THESE are the tricks the banks don’t want you to know. Financial institutions have a multitude of sneaky ways to charge you more, but here’s how to not get ripped off.

Making your credit card work for you

BANKS are tricky buggers. There are many ways that big financial institutions can pull a swiftie on their customers and lock them into paying more for credit cards, home loans and other products.

Whether it’s tempting introductory offers, flashy rewards schemes or too-good-to-be-true interest rates, there are many traps for unsuspecting customers.

It’s a subject that money expert Michelle Hutchison, from financial comparison website finder.com.au, is passionate about and she has shared some of the main things customers should look out for when dealing with the banks.

Here are the top 10 ways that banks make you pay more.
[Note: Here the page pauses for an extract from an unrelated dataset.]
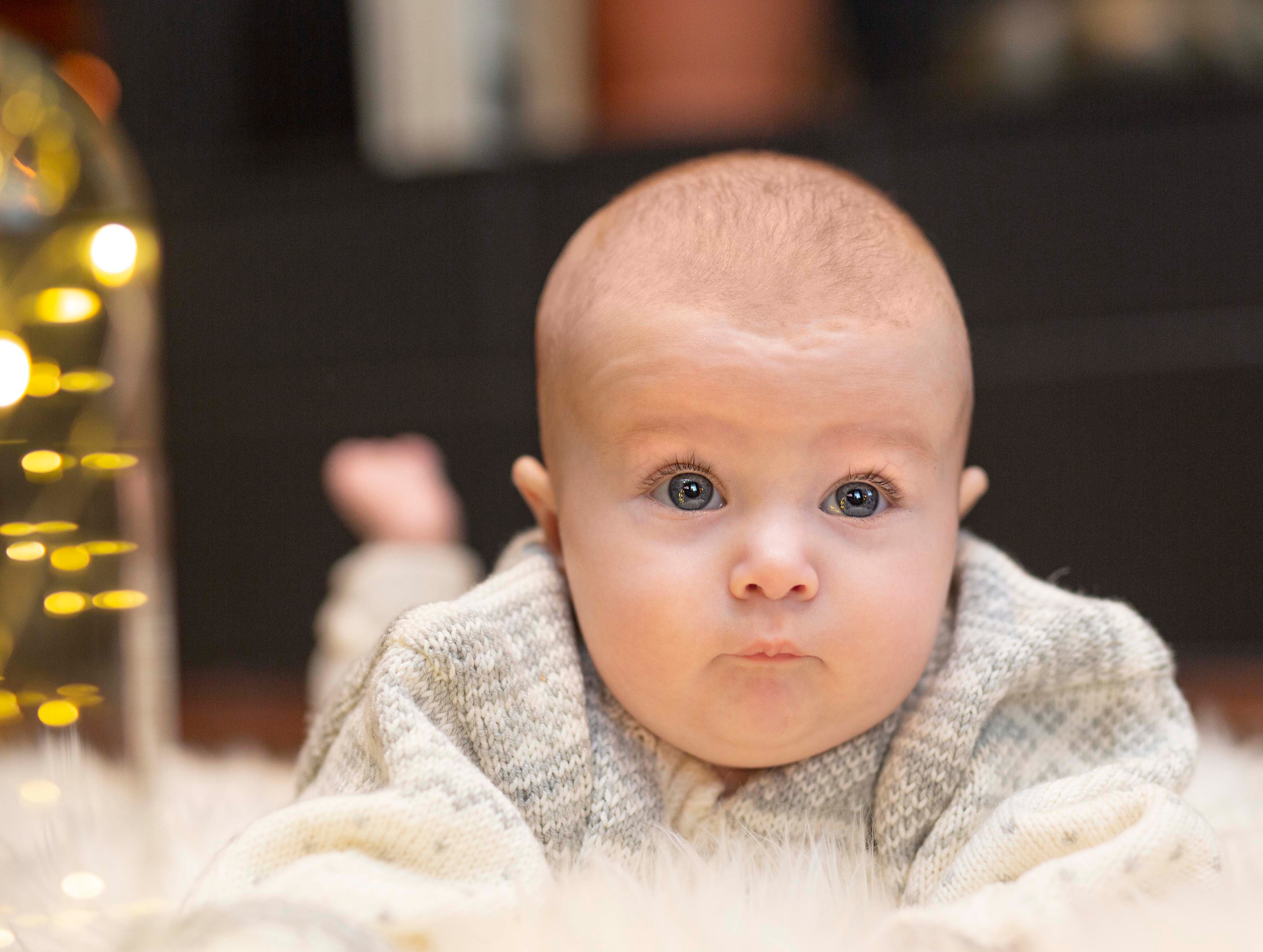 Kami. Family and real state photographer in Haugesund Dina Vikra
Money expert Michelle Hutchison of finder.com.au shares her tips on how to beat the banks. Picture: Justin Lloyd
Money expert Michelle Hutchison of finder.com.au shares her tips on how to beat the banks. Picture: Justin Lloyd

1. Interest-free terms

Many people try to pay their credit card balances off during their interest-free periods, but you need to be across the details of your billing cycle to ensure you don’t get stung. “For instance, if you’re billing cycle starts on June 1 and ends June 30, and your interest free period is 55 days, that means your interest free period ends on July 25. If you made a purchase on day 15 of your billing cycle, the interest-free period for that purchase would be 40 days,” Ms Hutchison said. “The tricky part is that if you don’t pay off the full balance by the due date, you will lose your interest-free period for the following billing cycle and will be charged interest daily”. Some cards will also sting you if you don’t pay off the balance in full. They will charge you interest daily on everything you purchased and backdate the interest charged from the date you made each purchase.

2. Balance-transfer fee

If you have heavy debt or a number of credit cards, consolidating what you owe onto one card might seem like an attractive proposition. But there are traps. Some cards charge a balance-transfer fee of 3 per cent of the balance, which would cost $300 on a $10,000 debt. Customers should check whether there is a balance-transfer fee and whether there is an annual fee, and whether these costs would outweigh the savings.

Know your credit card.
Know your credit card.

3. Revert rates

Many credit cards entice new customers with an introductory deal where you can shop to your heart’s content for the first year without any interest. However, customers might not be aware that they need to pay the minimum repayments with each month’s bill or the deal could be terminated.

4. Bonus points

Cards may also lure you in with the promise of bonus points, but they are usually subject to a minimum spend of as much as $500 in the first three months. This cost, coupled with an annual fee of up to $1200, can quickly outweigh the value of the points. “It can be argued that bonus points on sign-up can be a little misleading when there are strings attached,” Ms Hutchison said.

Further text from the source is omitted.